FMC now has 23 herbicides, fungicides, and insecticides listed on either the Enlist Duo and/or the Enlist One herbicide websites as approved tank-mix partners.

On the corn side, generic player Atticus announced a round of new additions to its portfolio of crop protection products, including StreliuS II herbicide, which utilizes S-metolachlor to fight competition from a broad spectrum of early-season grasses and many broadleaf weeds. Another new product, Cavallo 4 SC, features mesotrione, while the new Inflame 280 SL herbicide with glufosinate is ideal for rapid burndown control, the company says.

For soybeans, Atticus is expanding its suite of pre-emerge and PPO herbicide products. This includes the new Aquesta family of herbicides featuring sulfentrazone and combined supplementary ingredients like cloransulam, metribuzin, and chlorimuron. It also unveiled the Zaltus herbicide line offering residual control via flumioxazon and supplementary active ingredients.

Lastly, it will launch the MetalliS family of herbicide products that utilize S-metolachlor and complementary AIs to control many broadleaf, grass, and sedge weeds.

Latest on Dicamba

In October the Illinois Department of Agriculture (IDOA) announced additional restrictions on dicamba application for the 2020 growing season, including a cut-off date of June 20 and an 85-degrees Fahrenheit temperature cut-off. It is the first state to set regulatory changes for next season.

“The number of off-target complaints received during the 2019 growing season rose dramatically, and the department is taking action to reduce those numbers,” says John Sullivan, Director, IDOA.

No state saw more dicamba-related injury complaints this year than Illinois — 590 of them, nearly double the prior year’s 330 complaints and about three times the complaints the state fielded in 2017, the technology’s debut year.

Associate Professor Dr. Aaron Hager, in a post on the University of Illinois website, called the widespread occurrence of dicamba symptoms on soybeans for the third straight year troubling but says he was just as concerned about the “feeble theories” being put forth to explain the cause of soybean leaf cupping.

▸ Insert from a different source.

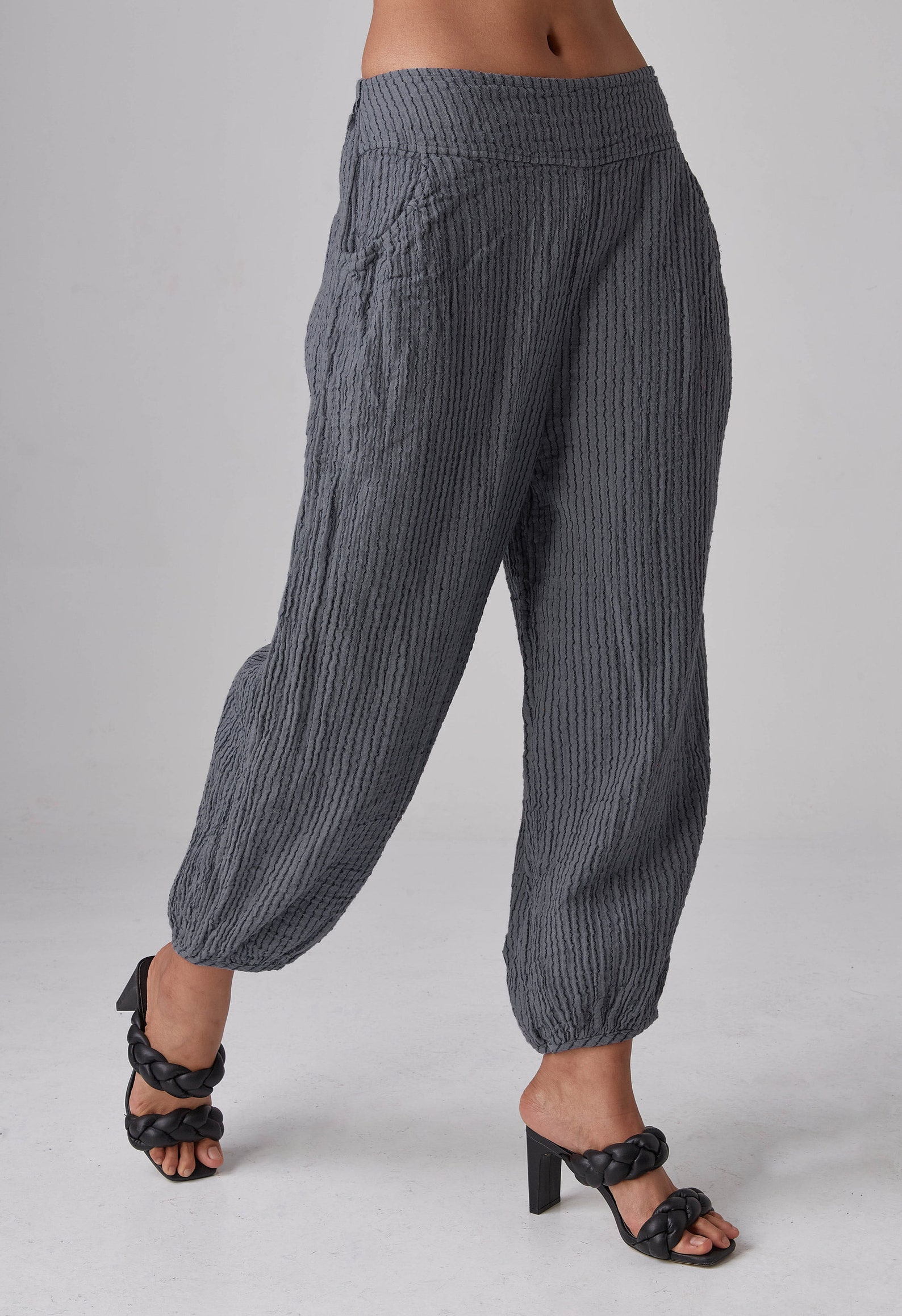 striped ankle pants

“It appears science continues to be sacrificed for sales,” Hager says. Company representatives have incorrectly attributed the leaf cupping to causes such as dry weather stress, Liberty+ammonium sulfate (AMS), and tank contamination, he says. Further, some have claimed that multiple causes are involved when entire fields are uniformly cupped.

“If contamination is the cause of even half the instances of soybean leaf cupping, commercial applicators might question the prudence and legal ramifications of applying a product that seemingly cannot be removed from their chemical formulation, transportation, and application equipment,” Hager says, adding, “Multiple university weed science programs have demonstrated volatility of these dicamba formulations can be detected for up to four days after application, yet these results seem to be largely ignored by industry as another possible source of exposure.”